Jeff Bezos conduisait de New York à Seattle quand il a commencé à esquisser un plan d’affaires. En 1993, l’internet se développait rapidement, mais n’avait pas encore été utilisé à des fins commerciales. L’entrepreneur en herbe a repéré une opportunité : la vente de livres était tout indiquée pour le web. Peu de temps après, il a quitté son emploi dans un fonds spéculatif et a consacré sa carrière à Amazon.
La société est entrée en bourse en mai 1997 avec une valeur marchande de quelque 438 millions de dollars. Aujourd’hui, ce chiffre avoisine les 880 milliards de dollars, ce qui en fait l’une des plus grandes entreprises publiques du monde. Mais la valeur de sa marque est presque impossible à quantifier et son intégrité est encore plus difficile à mesurer. Amazon est régulièrement citée comme l’une des entreprises les plus précieuses du monde, mais on peut soutenir que c’est dans le cadeau du consommateur.

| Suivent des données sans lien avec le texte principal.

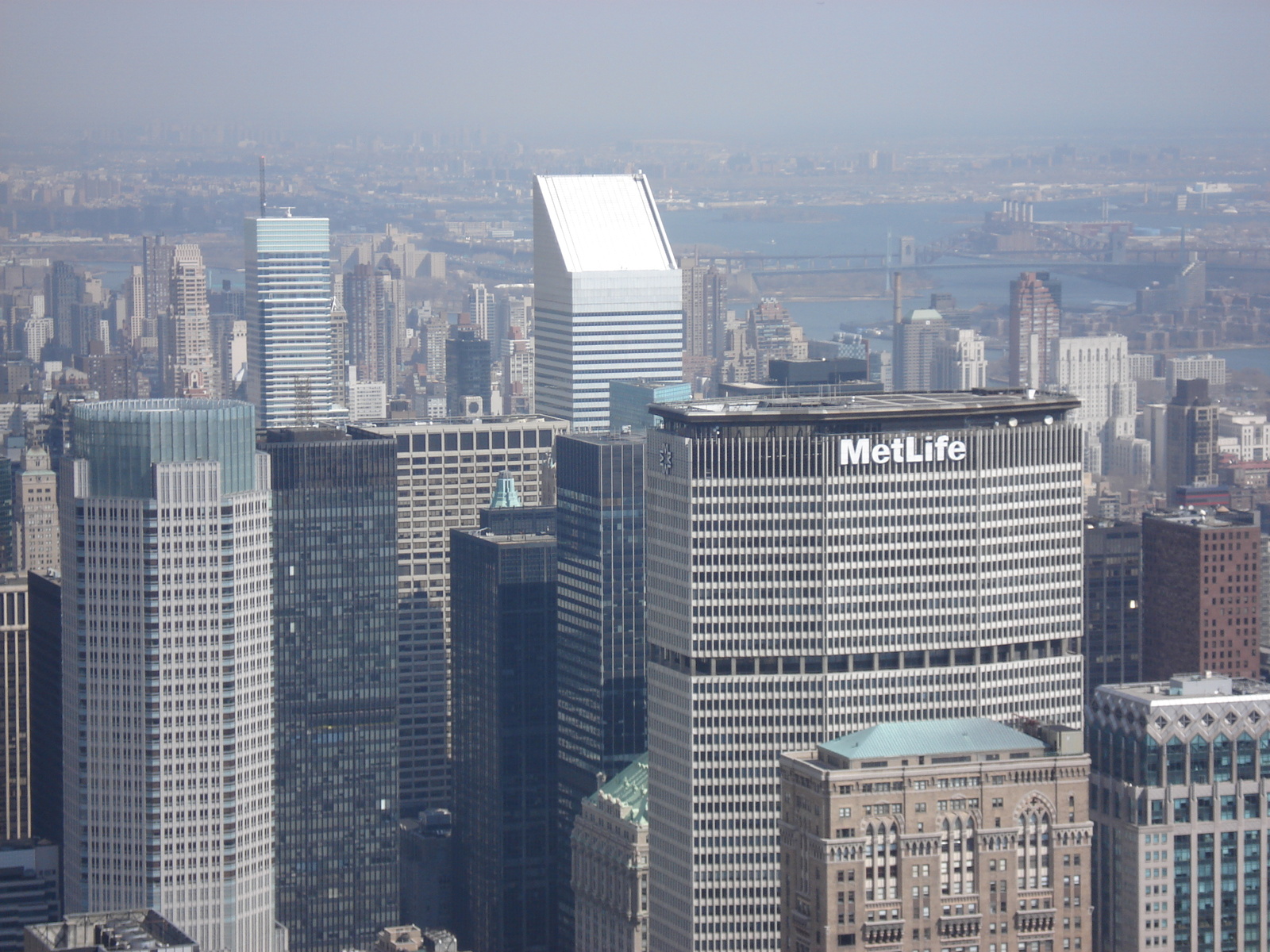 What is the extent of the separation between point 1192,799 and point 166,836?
57.9ft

C’est un problème avec lequel de nombreuses entreprises sont aux prises. Les actifs immatériels sont le moteur dominant de la création de valeur à long terme dans un monde interconnecté, souvent basé sur les services, et pourtant le chemin vers une véritable intégrité de la marque est tout sauf simple, en particulier dans un contexte de polarisation politique et de primauté des médias sociaux.

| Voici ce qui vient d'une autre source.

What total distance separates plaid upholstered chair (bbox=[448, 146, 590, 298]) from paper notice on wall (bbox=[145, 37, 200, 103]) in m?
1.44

« Il est difficile d’évaluer la véritable valeur d’une marque car elle est totalement subjective », explique Louise Nicolson, auteur de The Entrepreneurial Myth, qui examine les façons dont l’entrepreneuriat est déformé au détriment du potentiel des entreprises.
Comment les habitudes de consommation façonnent la valeur de la marque
Elle explique que ce qui ajoute à la complexité est que les entreprises ont un contrôle limité sur leur véritable valeur de marque, car elles n’ont qu’un certain degré d’influence sur la perception du public. « La valeur de la marque peut naître dans la salle du conseil, mais elle mûrit sur le marché et est finalement déterminée par les têtes, les cœurs et les habitudes de dépense des consommateurs », déclare Mme Nicolson.

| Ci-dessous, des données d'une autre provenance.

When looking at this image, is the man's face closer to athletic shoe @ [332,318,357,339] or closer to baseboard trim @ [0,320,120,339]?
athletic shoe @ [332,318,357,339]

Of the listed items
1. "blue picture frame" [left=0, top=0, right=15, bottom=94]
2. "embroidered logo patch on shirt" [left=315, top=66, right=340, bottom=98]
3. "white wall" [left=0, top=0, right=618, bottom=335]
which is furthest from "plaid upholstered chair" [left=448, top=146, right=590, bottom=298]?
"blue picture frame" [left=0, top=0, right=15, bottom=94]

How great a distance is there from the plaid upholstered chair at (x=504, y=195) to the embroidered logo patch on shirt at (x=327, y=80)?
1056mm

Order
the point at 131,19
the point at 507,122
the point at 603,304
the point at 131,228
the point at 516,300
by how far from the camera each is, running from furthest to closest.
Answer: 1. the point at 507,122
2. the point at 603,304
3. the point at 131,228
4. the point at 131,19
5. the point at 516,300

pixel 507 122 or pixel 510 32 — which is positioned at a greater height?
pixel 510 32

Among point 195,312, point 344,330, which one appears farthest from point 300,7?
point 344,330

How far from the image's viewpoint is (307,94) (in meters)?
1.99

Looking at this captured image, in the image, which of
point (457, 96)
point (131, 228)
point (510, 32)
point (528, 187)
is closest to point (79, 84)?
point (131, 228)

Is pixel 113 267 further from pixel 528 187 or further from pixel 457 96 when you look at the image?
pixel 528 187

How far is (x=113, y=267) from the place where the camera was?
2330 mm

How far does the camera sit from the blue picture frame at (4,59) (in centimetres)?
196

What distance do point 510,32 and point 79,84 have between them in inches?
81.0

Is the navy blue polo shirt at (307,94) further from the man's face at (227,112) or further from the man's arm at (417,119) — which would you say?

L’intégrité de la marque consiste à être fidèle à son positionnement
Un rapport 2019 du cabinet mondial de conseil en relations publiques et marketing Edelman montre que les consommateurs sont plus perspicaces que toute autre génération avant eux en ce qui concerne les marques et la façon dont ils choisissent de dépenser leur argent. Une enquête menée dans huit pays pour le rapport a montré que la grande majorité des consommateurs, quels que soient leur âge, leurs revenus et leur sexe, s’accordent à dire que leur capacité à faire confiance à une marque est centrale dans toute décision d’achat.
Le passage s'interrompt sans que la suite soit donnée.